Among Professor Scott's other essays are "María Coleta and the Capuchin Friar: Slavery, Salvation, and the Adjudication of Status," co-authored with Carlos Venegas, William and Mary Quarterly (October 2019); "How Does the Law put a Historical Analogy to Work?: Defining the Imposition of 'A Condition Analogous to that of a Slave' in Modern Brazil," co-authored with Leonardo Barbosa and Carlos Henrique Haddad, Duke Journal of Constitutional Law & Public Policy 13 (2017); "Social Facts, Legal Fictions, and the Attribution of Slave Status: The Puzzle of Prescription," Law and History Review (2017); and "Public Rights, Social Equality, and the Conceptual Roots of the Plessy Challenge," Michigan Law Review (2008).

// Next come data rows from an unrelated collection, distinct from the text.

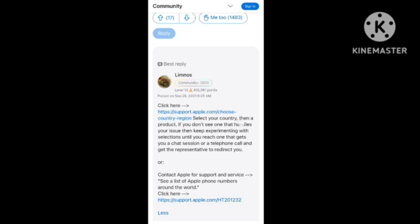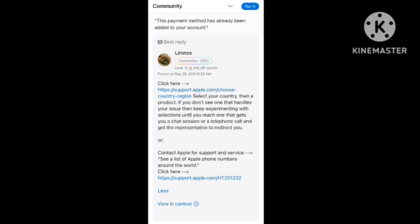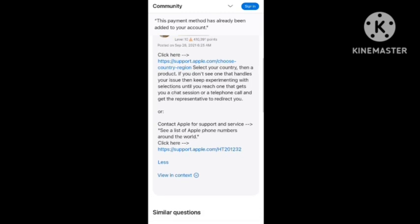You can go to the Apple Support team — they will help you fix the problem. You need to select the country and then the product. If you don't see any issue there, you can also try to reach them by phone — a telephone call will help you fix the problem. I sent a message to the support team and my problem got automatically fixed within one hour.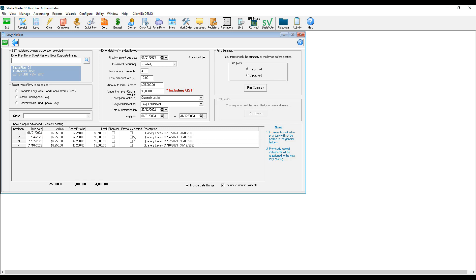Please note the levy periods are calculated based on the due date, and if you'd like to change the due date, you can click on the related cell and change the due date.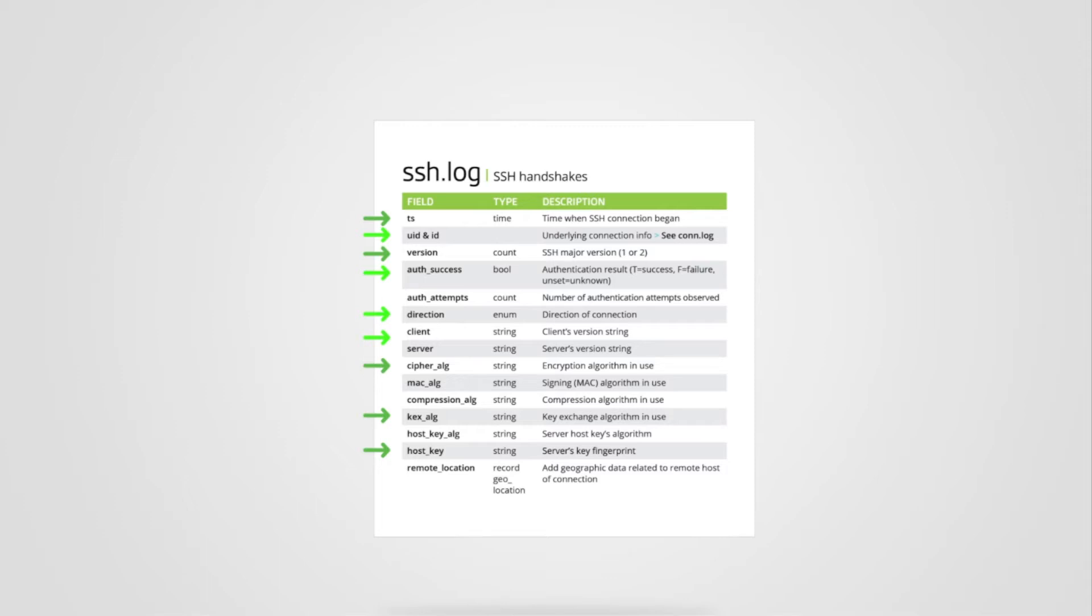But back to this log. The SSH log provides salient information about an SSH connection. Now let's look at an actual SSH log to examine the fields together.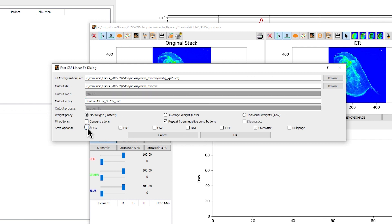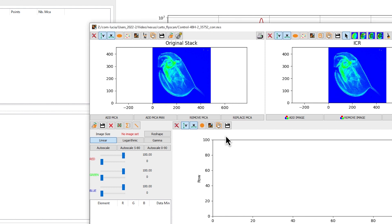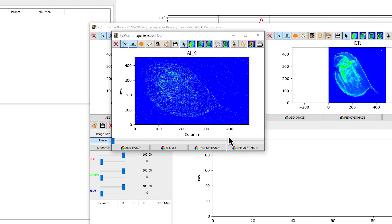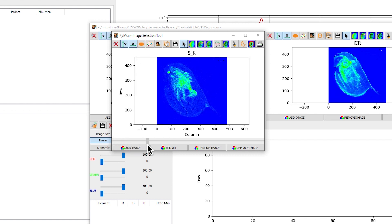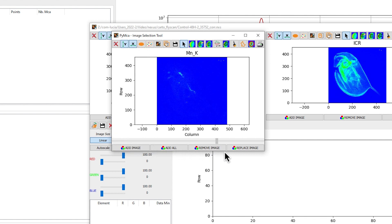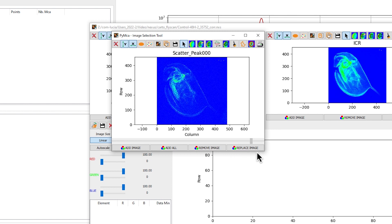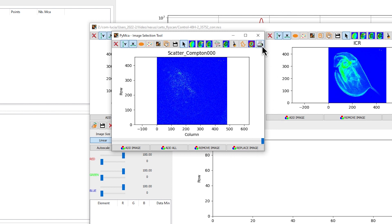We suggest that you uncheck the boxes HDF5 and EDF and check the CSV and TIFF boxes. Click on OK. Elementary maps are plotted on the Pi MCA image selection tool window. You can display the fitted elemental maps by dragging the cursor over the bar. Close the window.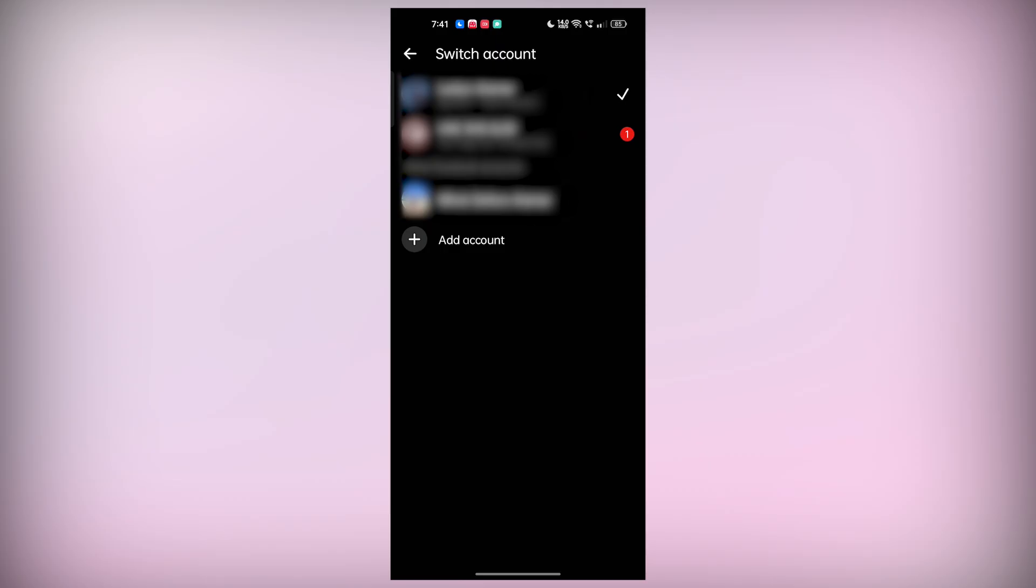And that's it. You've successfully logged out of Facebook Messenger. You've now seen two simple ways to sign out, whether you prefer to remove an account completely or just log out from Messenger while keeping your Facebook account active.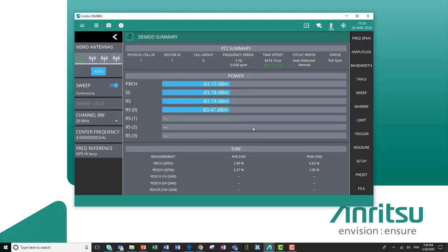we'll start decoding the signal to provide the cell ID, sector ID, cell group, frequency error, and time offset. In this case, it's synchronized to GPS. We also give the auto-detected cyclic prefix and the sync status of the demodulation.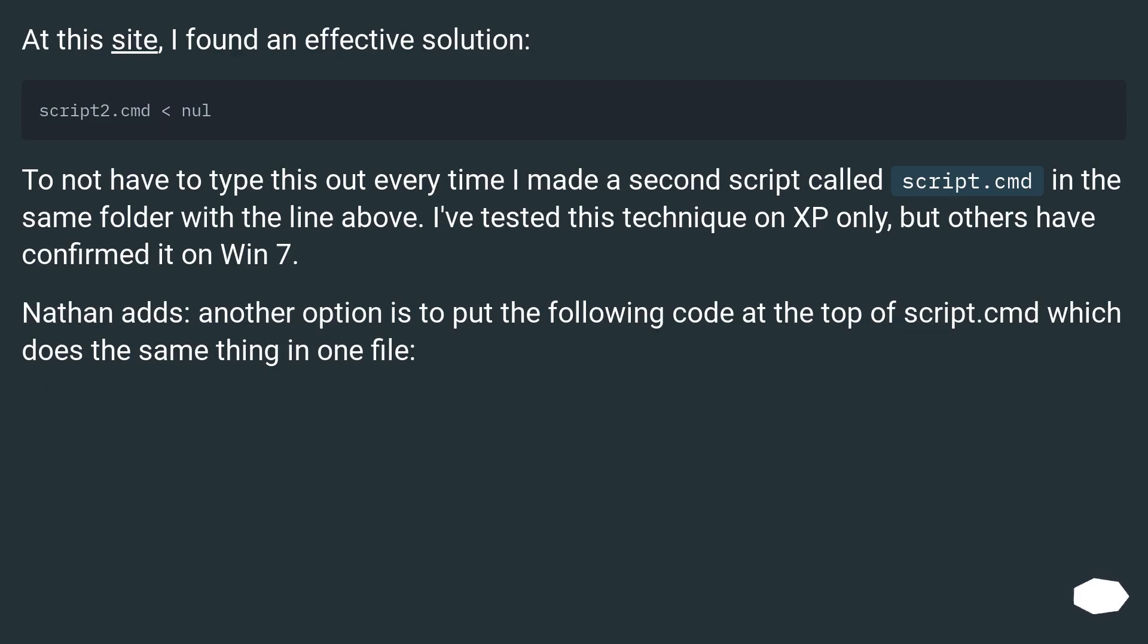At this site, I found an effective solution. To not have to type this out every time I made a second script called script.cmd in the same folder with the line above. I've tested this technique on XP only, but others have confirmed it on Win 7.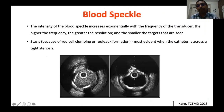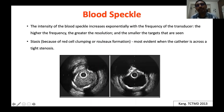Blood speckle artifact: when there is stasis or when using a high-frequency catheter, blood speckles appear much brighter, impairing your capacity to identify the lumen and intima-media interface. To see this interface clearly you have to inject contrast or saline to remove the blood speckles. Here is an example of saline injection — after injection you can clearly identify the interface.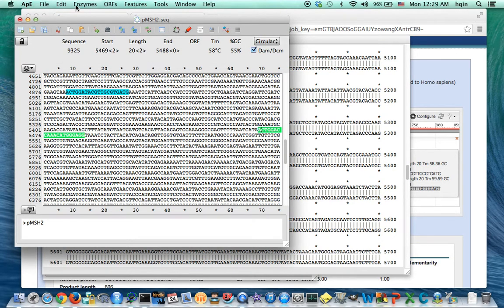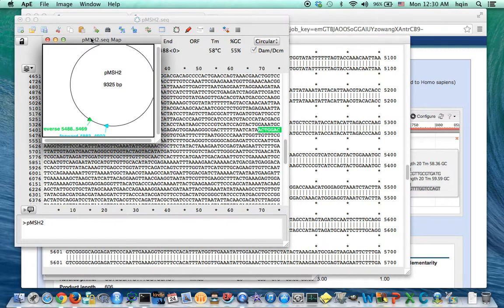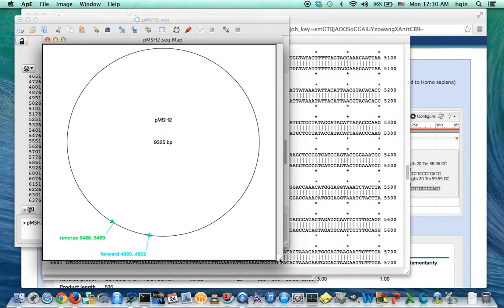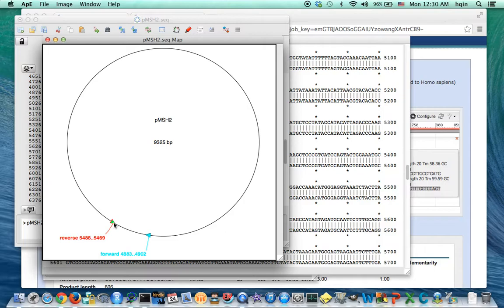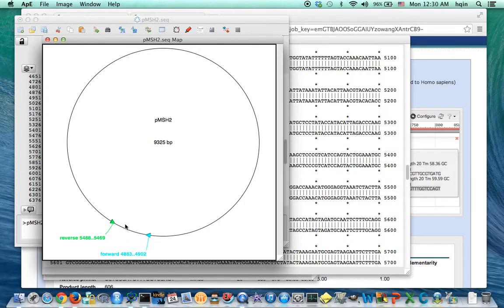So now I'm going to do a graphic map to see whether these two primers are going to work or not. Indeed, this is going to PCR out this region. So here's my forward primer. That's my backward primer. Around about 5500. This is about 4800 or 4900. So they're going to PCR out about 600 base pairs.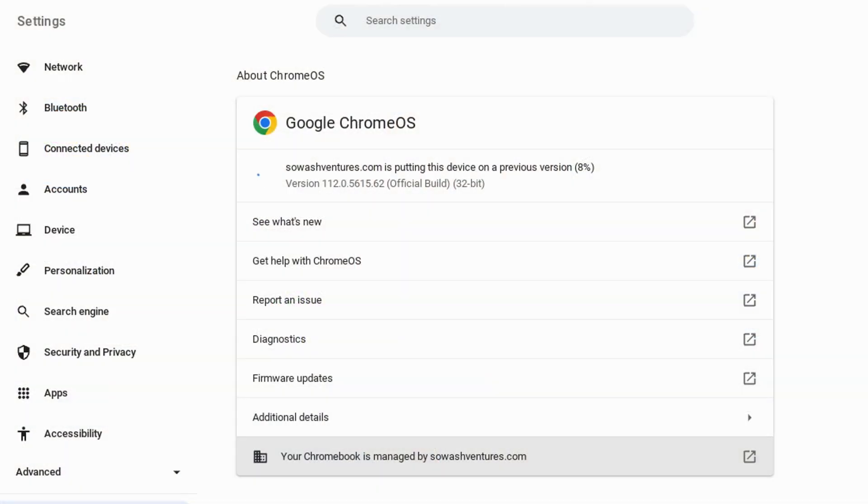If you're getting ready for state testing, you probably want to verify that your Chromebooks are running the version of Chrome that your test app requires. Let's take a look at how to force your Chromebooks to update to a specified version.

Professor Scott is co-director of the University of Michigan Program in Race, Law, & History. She received an AB from Radcliffe College/Harvard University, an MPhil in economic history from the London School of Economics, and a PhD in history from Princeton University. She has been a visiting scholar at Yale Law School and at NYU Law School. She is the recipient of a MacArthur Prize Fellowship and a Guggenheim Fellowship, and is a member of the American Academy of Arts and Sciences. During the Fall semester of 2020, she will be the Richard R. Hudson Research Professor of History.
Visit Professor Scott's homepage.
Learn more about Professor Scott's scholarship.
Fields of Study
- Latin America
- Cuba, slavery and emancipation
- Labor systems
- Comparative citizenship
Awards and Honors
Foreign Corresponding Academician, Cuban Academy of History
President, American Society for Legal History. (2015–2017).
For Scott & Hébrard, Freedom Papers: An Atlantic Odyssey in the Age of Emancipation (2012):
- 2013 Albert Beveridge Award (American Historical Association)
- 2013 James Rawley Prize in Atlantic History (American Historical Association)
- 2013 Chinard Prize (Society for French Historical Studies)
For Degrees of Freedom: Louisiana and Cuba after Slavery (2005):
- 2006 Frederick Douglass Prize (Gilder-Lehrman Center, Yale)
- 2006 John Hope Franklin Prize (American Studies Association)
- 2006 Gulf South Historical Association Book Prize
- 2006 Kemper and Leila Williams Prize (Louisiana Historical Association).
2012 Surrency article prize, American Society for Legal History, for “Paper Thin: Freedom and Re-enslavement in the Diaspora of the Haitian Revolution,” Law and History Review.